The SecurPos project will tackle an extremely innovative problem: how to take advantage of specific 5G technologies and networks characteristics to obtain accurate, reliable position information in presence of security threats, and how to use this position information to improve security even for low cost, low complexity devices, that cannot adopt CSI-based approaches to enforce physical layer security.
In doing so, SecurPos will go beyond the current state of the art under several aspects, as detailed in the following:
1) Impact of 5G high device density on the performance and robustness to security threats of distributed indoor positioning algorithms - distributed indoor positioning has been a hot research topic since the idea of ad hoc networks surfaced, but researchers soon realized that this approach only makes sense when network density is sufficiently high to ensure that most network devices obtain enough information to determine their own position. The high density that is expected to characterize 5G networks will allow to effectively implement these algorithms; in addition a higher density will potentially allow to counteract the presence of malicious devices aiming to disrupt the positioning service either by injecting fake data or by modifying data received by other legit devices before forwarding them.
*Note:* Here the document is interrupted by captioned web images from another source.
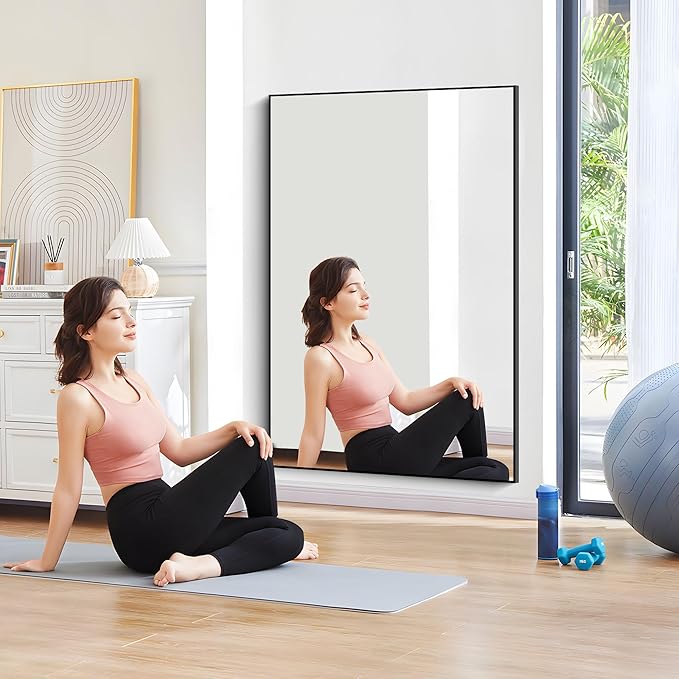 Black Bathroom Mirror for Wall, 60x36 Inch Rectangle Mirrors with Metal Frame, Large Modern Vanity Wall Mirror for Bathroom Living Room, Entryway Hangs Horizontal or Vertical-Ruum Studio Home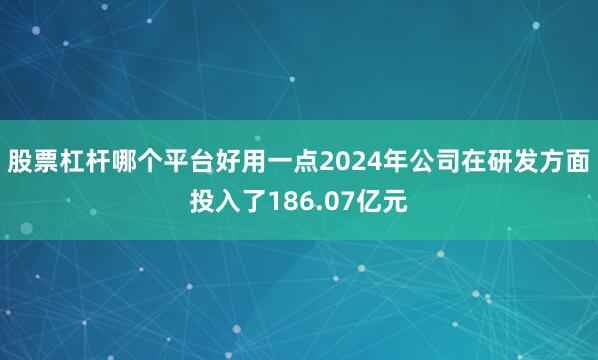 股票杠杆哪个平台好用一点2024年公司在研发方面投入了186.07亿元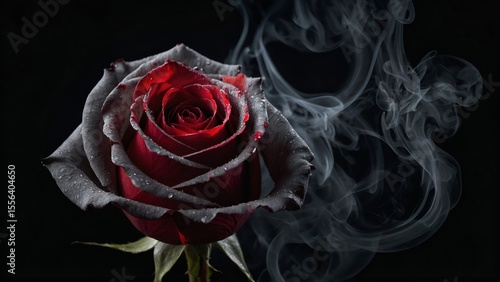 Red rose wrapped in smoke swirl on black background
2) Use of multiple Radio Access Technologies (RATs) to support scalable, secure indoor positioning - Indoor positioning algorithms based on RF technologies have usually assumed the use of a single RAT, e.g. WiFi or Bluetooth. Current devices are however typically characterized by multiple RATs, and 5G ones are expected to exacerbate this trend. The use of multiple RATs is thus a natural evolution in the design of indoor positioning algorithms, and will be indeed explored in SecurPos. The use of multiple RATs will be considered with two main objectives in mind: an increase in accuracy and availability of position information, resulting from the additional data available for determining the position of devices, and an increase in robustness to the security threats posed by rogue infrastructure elements and malicious devices, thanks to the possibility of cross-checking the data obtained on different RATs. Algorithms will be designed so to define the role of different devices in positioning according to their positioning capabilities and expected robustness to security threats. As an example, MIMO systems are often considered as more robust to security threats thanks to their capability to steer signal so to "avoid" malicious receivers: this capability should be taken into account in defining their role in a distributed positioning system.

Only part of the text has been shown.